Part of our work with local communities focuses on establishing livelihood and leadership opportunities specifically for women. Our women's groups in each community choose their own leadership, delegate responsibilities among themselves and function as a highly effective team to produce silkworm rearing equipment, process the silk, and sew the final products. In addition, every member of our women's groups is also a silk farmer and produces silk. Today, nearly 50% of our farmers are women.
Women working on the CPALI wild silk project have an opportunity to earn money in three ways: by weaving baskets from natural materials for silkworm breeders, by producing silk, and by processing and sewing the silk into a final product.
In order to rear wild silk sustainably, CPALI must rely on natural materials and innovative designs. Thanks to our skilled women's groups, we are producing a whole line of natural equipment including rearing baskets, chrysallide baskets and locally sewn rearing nets.

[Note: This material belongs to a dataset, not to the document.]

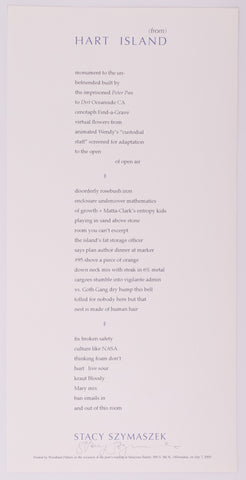 Broadside titled from hart island by Stacy Szymaszek. Blue and black text on grey paper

Organizing Silkworm Baskets
The silkworm rearing equipment is used by each farmer on a loan-to-own basis. CPALI buys the equipment from the women's groups and supplies them to our new members. Then each farmer either works off their debt through silk production or returns the equipment to CPALI
Sewing the Textile
Our main product is a flat, non-spun textile that is sold by the meter. The CPALI women's groups sew the silk cocoons with machines available at our training site. This gives us an important opportunity for training, teamwork and bonding. Our newer product line also makes production possible at home.
When each batch of textile is finished, our women and the SEPALI staff proudly present their work before shipping it off to Ta'na'na Silk to be marketed around the world.